The Alaska-Yukon-Pacific Exposition (AYPE), held in Seattle from June 1 to October 16, 1909, followed on the heels of the 1905 Lewis and Clark Exposition in Portland, Oregon. Initial inspiration for the fair came from a group of Alaska's gold rush pioneers in 1905. In 1906, Seattle businessmen altered the original plan, postponed the 1907 date (so as not to conflict with the Jamestown, Virginia tricentennial celebration) until 1909, and sought financial support for an enlarged scope. The AYPE followed a tradition established in 1876 when Philadelphia held a Centennial Exposition. It was an opportunity for Seattleites to display pride in their heritage and their patriotism.

Although funding was provided at the state level, much of the financial burden for the Exposition fell to the City of Seattle. Many city departments worked tirelessly before the AYPE to secure funding or put personnel in place to ensure the fair's success. These departments expressed their concerns, ideas, and requests to City Council and the Mayor through various communications and reports. The Police, Fire, Parks, and other departments all contributed to a smooth-running and safe Exposition.

For years after the close of AYPE, the Seattle Parks Department leased the Exposition property from the University and maintained the grounds. The Regents of the University of Washington assumed maintenance of the grounds in April 1915 and the City's involvement with the AYPE properties ended.

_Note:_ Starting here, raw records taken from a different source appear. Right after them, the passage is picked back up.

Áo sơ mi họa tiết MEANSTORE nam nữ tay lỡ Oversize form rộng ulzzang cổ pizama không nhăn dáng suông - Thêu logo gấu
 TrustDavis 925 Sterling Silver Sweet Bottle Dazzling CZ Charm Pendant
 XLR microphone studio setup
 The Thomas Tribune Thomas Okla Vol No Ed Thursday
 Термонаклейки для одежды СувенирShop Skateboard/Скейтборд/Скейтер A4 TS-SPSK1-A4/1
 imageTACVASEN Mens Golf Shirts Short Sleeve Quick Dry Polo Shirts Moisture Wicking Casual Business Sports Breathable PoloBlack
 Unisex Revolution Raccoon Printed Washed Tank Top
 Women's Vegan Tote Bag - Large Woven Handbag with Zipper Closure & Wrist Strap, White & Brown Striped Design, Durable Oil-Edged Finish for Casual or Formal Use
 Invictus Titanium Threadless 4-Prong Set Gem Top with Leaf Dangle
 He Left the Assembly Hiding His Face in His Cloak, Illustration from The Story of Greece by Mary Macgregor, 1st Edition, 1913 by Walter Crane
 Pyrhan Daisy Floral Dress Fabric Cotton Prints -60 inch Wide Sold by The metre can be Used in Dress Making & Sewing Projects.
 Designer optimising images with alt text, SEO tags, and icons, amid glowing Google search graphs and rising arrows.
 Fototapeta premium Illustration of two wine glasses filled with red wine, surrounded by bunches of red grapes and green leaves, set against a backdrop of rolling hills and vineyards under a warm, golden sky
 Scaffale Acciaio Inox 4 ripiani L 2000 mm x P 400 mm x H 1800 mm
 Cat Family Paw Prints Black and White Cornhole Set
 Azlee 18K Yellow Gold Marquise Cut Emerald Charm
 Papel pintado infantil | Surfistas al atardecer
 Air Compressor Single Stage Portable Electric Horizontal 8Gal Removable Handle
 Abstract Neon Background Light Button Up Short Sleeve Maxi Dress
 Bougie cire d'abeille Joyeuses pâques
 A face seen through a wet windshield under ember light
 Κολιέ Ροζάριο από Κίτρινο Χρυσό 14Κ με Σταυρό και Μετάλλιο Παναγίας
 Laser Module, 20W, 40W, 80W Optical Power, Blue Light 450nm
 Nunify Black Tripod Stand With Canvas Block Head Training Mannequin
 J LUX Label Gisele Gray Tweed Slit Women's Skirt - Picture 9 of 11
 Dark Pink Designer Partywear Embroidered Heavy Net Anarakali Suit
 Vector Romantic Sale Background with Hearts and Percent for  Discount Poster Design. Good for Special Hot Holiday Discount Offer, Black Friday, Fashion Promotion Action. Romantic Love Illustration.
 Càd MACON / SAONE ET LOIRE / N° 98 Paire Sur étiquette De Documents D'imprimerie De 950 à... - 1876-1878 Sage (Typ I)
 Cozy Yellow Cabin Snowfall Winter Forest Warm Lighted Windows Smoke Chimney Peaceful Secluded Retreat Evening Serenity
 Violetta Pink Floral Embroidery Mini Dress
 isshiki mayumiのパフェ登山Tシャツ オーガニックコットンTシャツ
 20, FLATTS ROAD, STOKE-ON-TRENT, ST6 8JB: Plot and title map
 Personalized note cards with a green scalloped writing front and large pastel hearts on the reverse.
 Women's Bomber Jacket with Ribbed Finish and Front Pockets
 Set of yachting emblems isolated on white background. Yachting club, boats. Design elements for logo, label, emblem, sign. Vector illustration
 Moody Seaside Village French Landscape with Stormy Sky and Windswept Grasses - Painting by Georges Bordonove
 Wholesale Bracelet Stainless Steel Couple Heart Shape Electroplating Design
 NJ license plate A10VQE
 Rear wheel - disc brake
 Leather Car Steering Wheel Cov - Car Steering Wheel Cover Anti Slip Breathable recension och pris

Although the anticipated influx of people and the anticipated stimulus to economic growth did not materialize as a result of the Exposition, the City and promoters counted AYPE as a success. Traffic was handled well, the boulevard system was completed in time for visitors to enjoy the scenery, and the police ably protected "the lives and property of the citizens and visitors during the Exposition." The University benefited by the expansion of its campus. Permanent benefits for the city included many additional miles of streetcar tracks, additional fire alarm boxes, a boulevard system, and a statue of William Seward.